© 1998 Meredith Sprunger
© 1998 The Christian Fellowship of Students of The Urantia Book
Bruce Bawer
Crown, 1997, 340 pp.
Bruce Bawer is an Episcopalian and one of our leading cultural critics. He has published several volumes of criticism, including Diminishing Fictions, The Aspect of Eternity, and Prophets and Professors, as well as one of the most influential books about homosexuality, A Place at the Table.

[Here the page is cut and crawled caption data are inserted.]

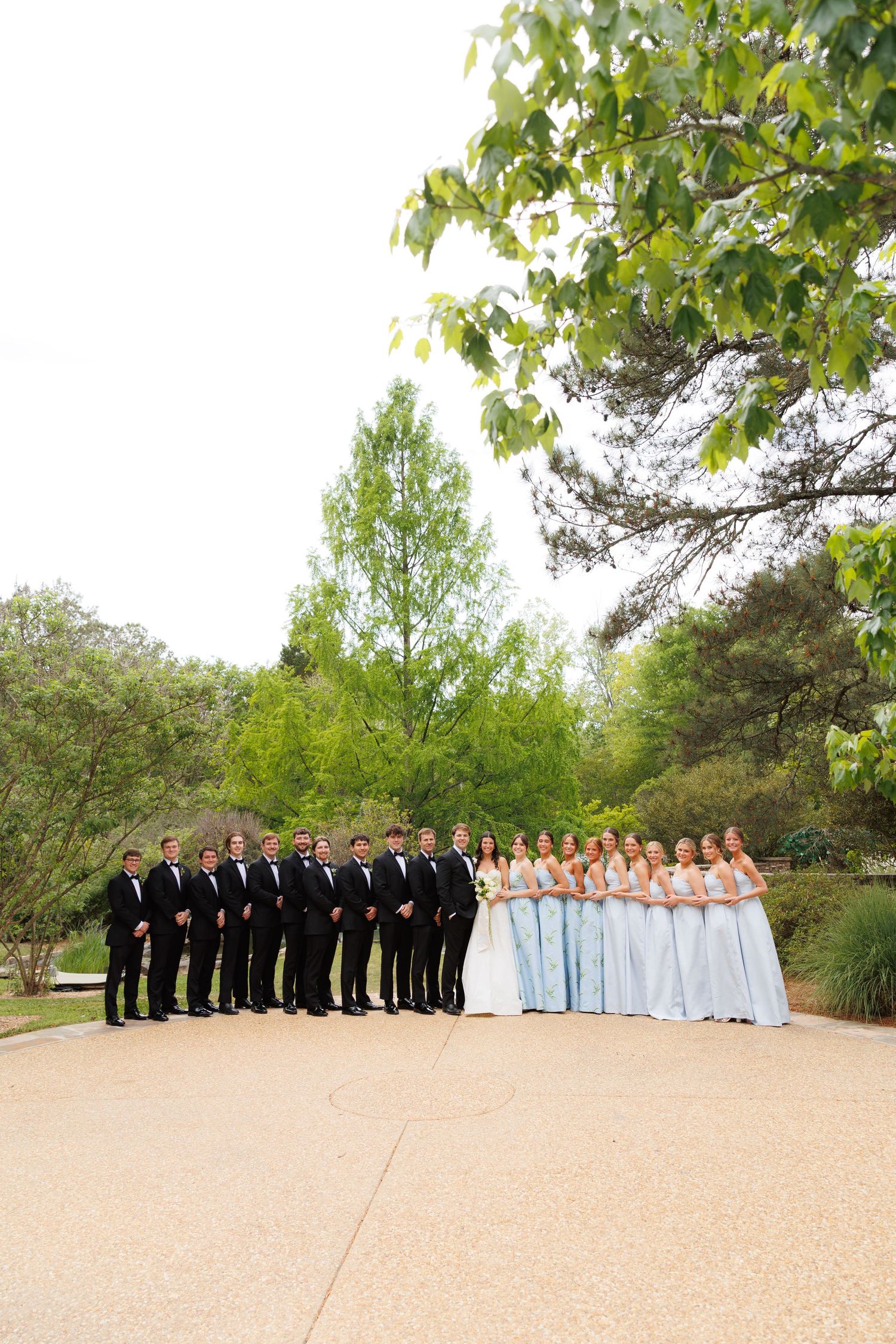 Wedding party poses outdoors, groomsmen in black tuxedos on left, bridesmaids in light blue gowns on right, bride in white center.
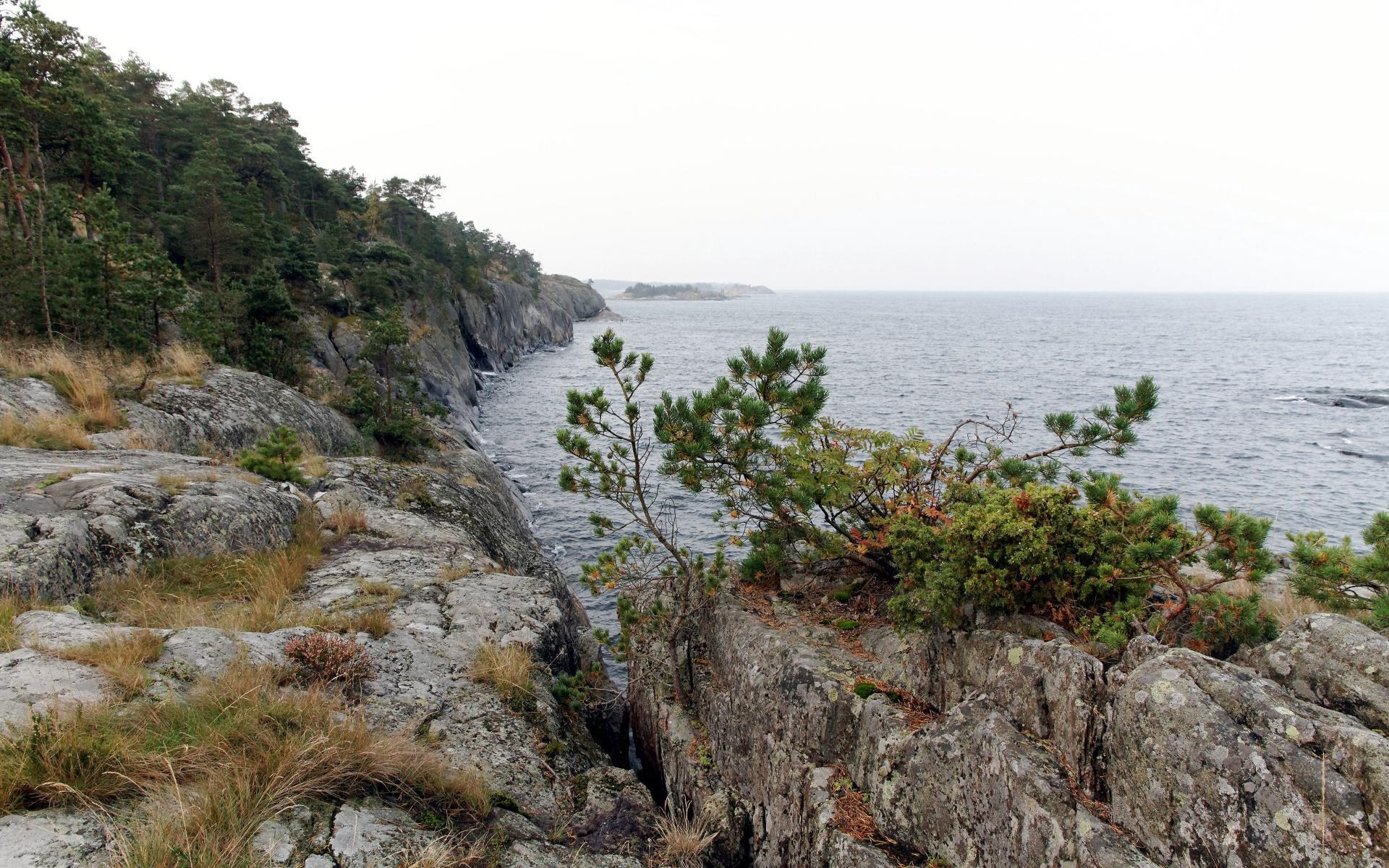rocky coastline with pine trees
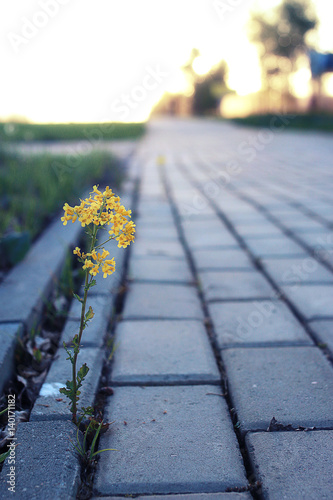 small flower growing through the paving stone at sunset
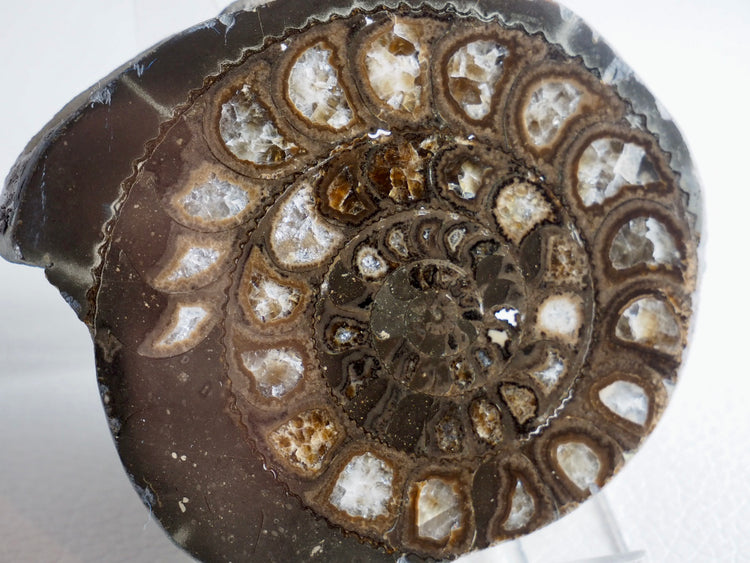Cut And Polished Whitby Ammonites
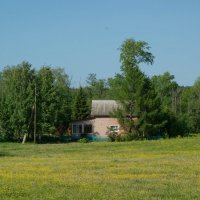 Домик на лютиковой поляне :: Алексей Сметкин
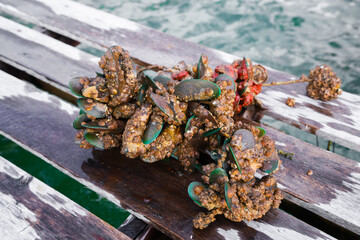 Mussel farming in the sea, seafood industry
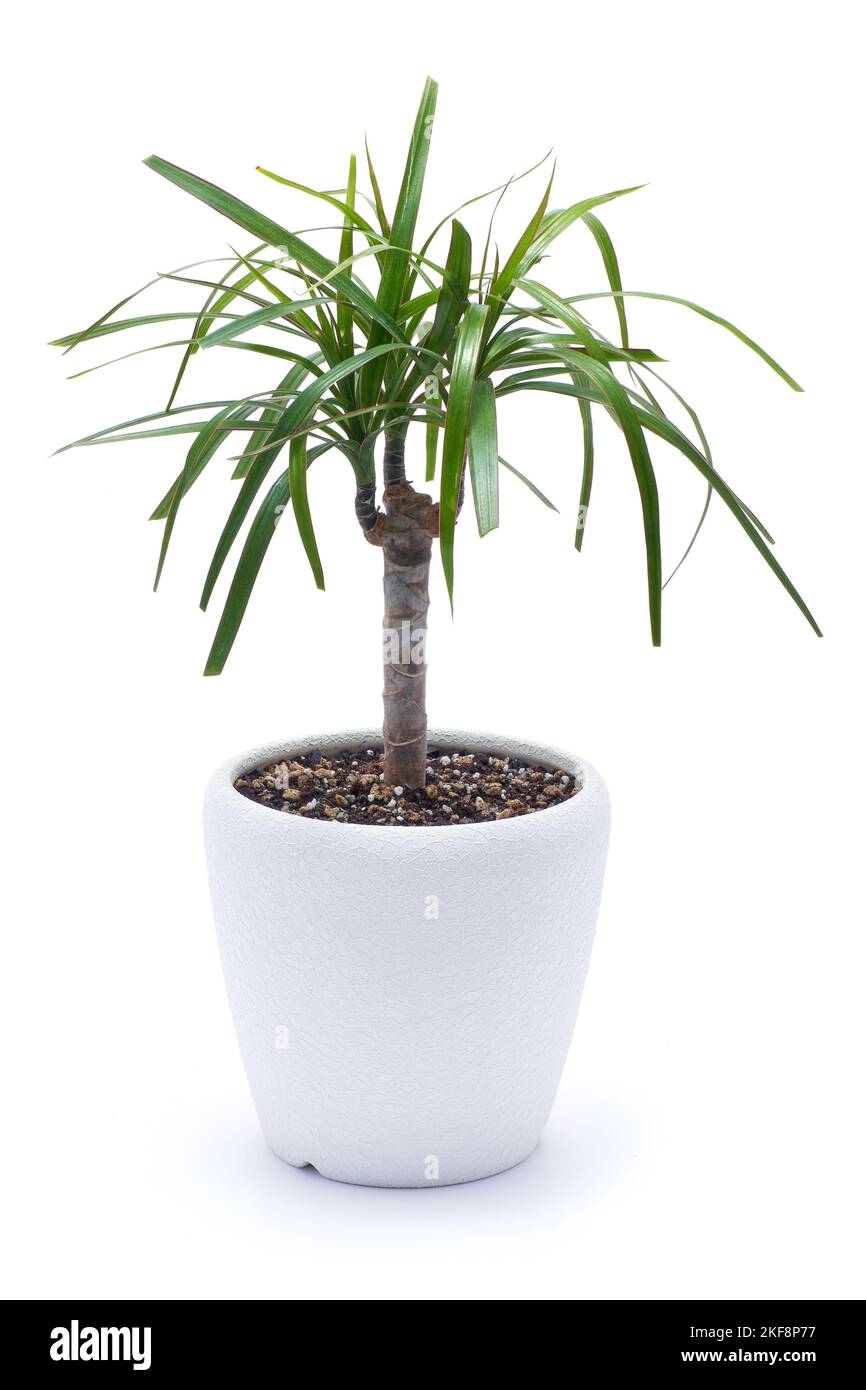 Dracaena house plant in a pot isolated on white background Stock Photo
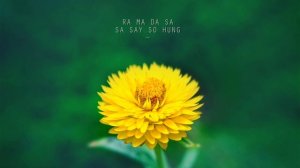 Волшебная исцеляющая мантра Ра Ма Да Са Мантра Медитативная музыка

He has delivered talks and sermons in churches around the country and has published essays on religious subjects in The New York Times Magazine and elsewhere.
Stealing Jesus focuses primarily on Protestant legalism and nonlegalism, the Church of Law and the Church of Love. “In recent years,” Bawer observes, "legalistic Christians have organized into a political movement so successful that when many Americans today hear the word Christianity, they think only of the legalistic variety… Far from being a vestige of traditional Christian faith, in short, it is a distinctively modern phenomenon-one that, while making tradition its rallying cry, has at the deepest level betrayed Christianity’s most precious traditions. In fact it has, as we shall see, carried out a tripartite betrayal.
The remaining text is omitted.